# FIR Filter Synthesis Algorithms for Minimizing the Delay and the Number of Adders

Hyeong-Ju Kang , Hansoo Kim , and In-Cheol Park VLSI Systems Lab. Dept. of Electrical Eng. and Comp.Science Korea Advanced Institute of Science and Technology, Korea

#### Abstract

As the complexity of digital filters is dominated by the number of multiplications, many works have focused on minimizing the complexity of multiplier blocks that compute the constant coefficient multiplications required in filters. Although the complexity of multiplier blocks is significantly reduced by using efficient techniques such as decomposing multiplications into simple operations and sharing common subexpressions, previous works have not considered the delay of multiplier blocks which is a critical factor in the design of complex filters. In this paper, we present new algorithms to minimize the complexity of multiplier blocks under the given delay constraints. By analyzing multiplier blocks in view of delay, three delay reduction methods are proposed and combined into previous algorithms. Since the proposed algorithms can generate multiplier blocks that meet the specified delay, a trade-off between delay and hardware complexity is enabled by changing the delay constraints. Experimental results show that the proposed algorithms can reduce the delay of multiplier blocks at the cost of a little increase of complexity.

## I. Introduction

Finite impulse response (FIR) digital filters are frequently used in digital signal processing by virtue of stability and easy implementation. Although programmable filters based on digital signal processing cores can take an advantage of flexibility, they are not suitable for recent consumer applications demanding high throughput and low power consumption. In such an application, therefore application specific FIR filters are frequently adopted to meet the constraints of performance and power consumption.

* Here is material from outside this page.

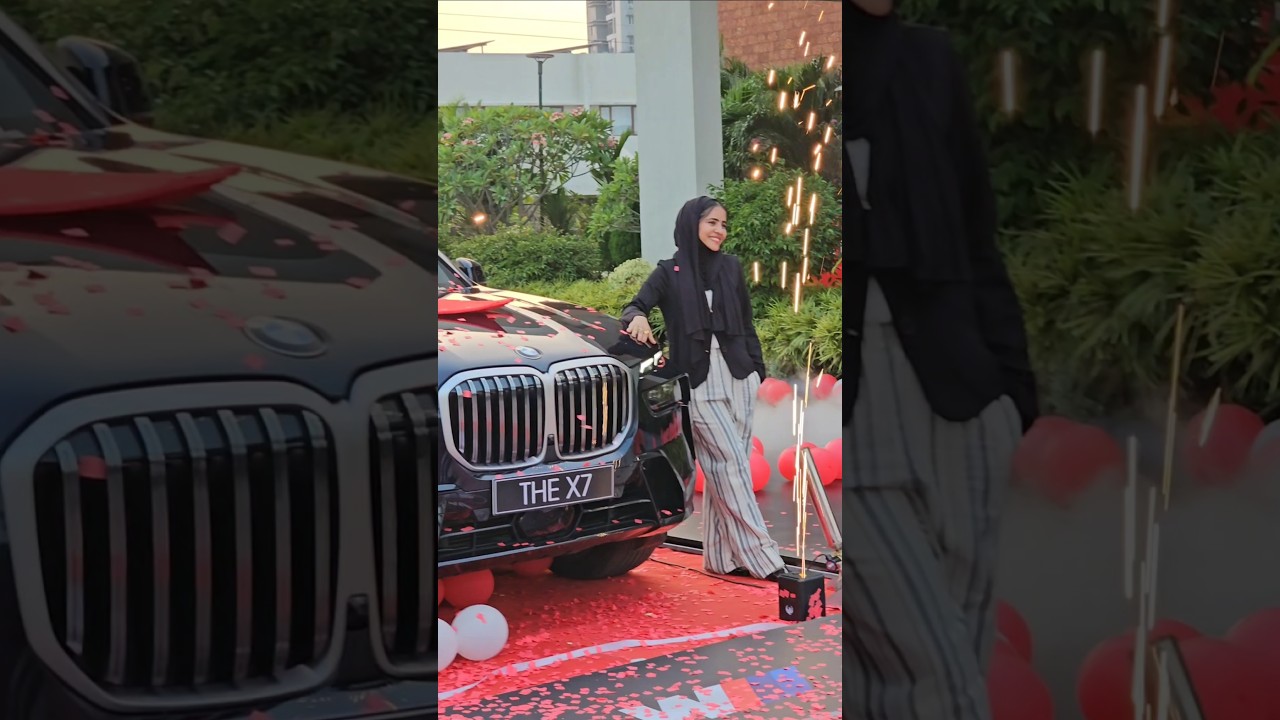ഏട്ടാമത്തെ വിവാഹ വാർഷിക ദിവസം തന്നെ BMW X7 വാങ്ങി മുഷറാ ബഷീർ!!❤️❤️ #basheerbashi #musharabasheer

The problem of designing FIR filters has received a great attention during the last decade, as the filters are suffering from a large number of multiplications, leading to excessive area and power consumption even if implemented in full custom integrated circuits. Many works have focused on replacing multiplications by decomposing them into simple operations such as addition, subtraction and shift and reducing the number of simple operations. In this approach, the hardware block called a multiplier block is often used to implement all coefficient multiplications[1]. The concept of the multiplier block is significant in both terms of area and power because some adders and shifters can be shared among different multiplications.

Many algorithms have been proposed to make the multiplier block as simple as possible: Bull-Horrocks(BH) algorithm [2], ndimensional reduced adder graph(RAGn) algorithm [1], recursive bipartite matching algorithm [3], and common subexpression sharing algorithm [4], [5], [6]. The main purpose of these algorithms is to minimize the number of additions/subtractions, as the number is proportional to the number of two-input adders required in the implementation of a multiplier block and the shift can be implemented by wire connections. However, the algorithms do not take into account a factor critical in high performance filters, the delay of the multiplier block, leading to slow filters that may not be suitable for high performance systems.

In this paper, we propose new multiplier block synthesis algorithms that consider both the delay and the number of adders. Since the proposed algorithm can generate a multiplier block satisfying a given delay constraint, it enables a trade-off between delay and area. The rest of this paper is organized as follows. In Section II, the problem to be solved is formally defined, and in Section III, some basic operations proposed to make the multiplier block meet the specified delay constraint are described. We explain the proposed algorithm and its implementation in Section IV. Then, we show experimental results in detail in Section V, and finally conclusions are made in Section VI.

## **II.** Problem Definition

In this section, the problem to be solved will be defined formally. We will start from introducing the following term to be used throughout this paper.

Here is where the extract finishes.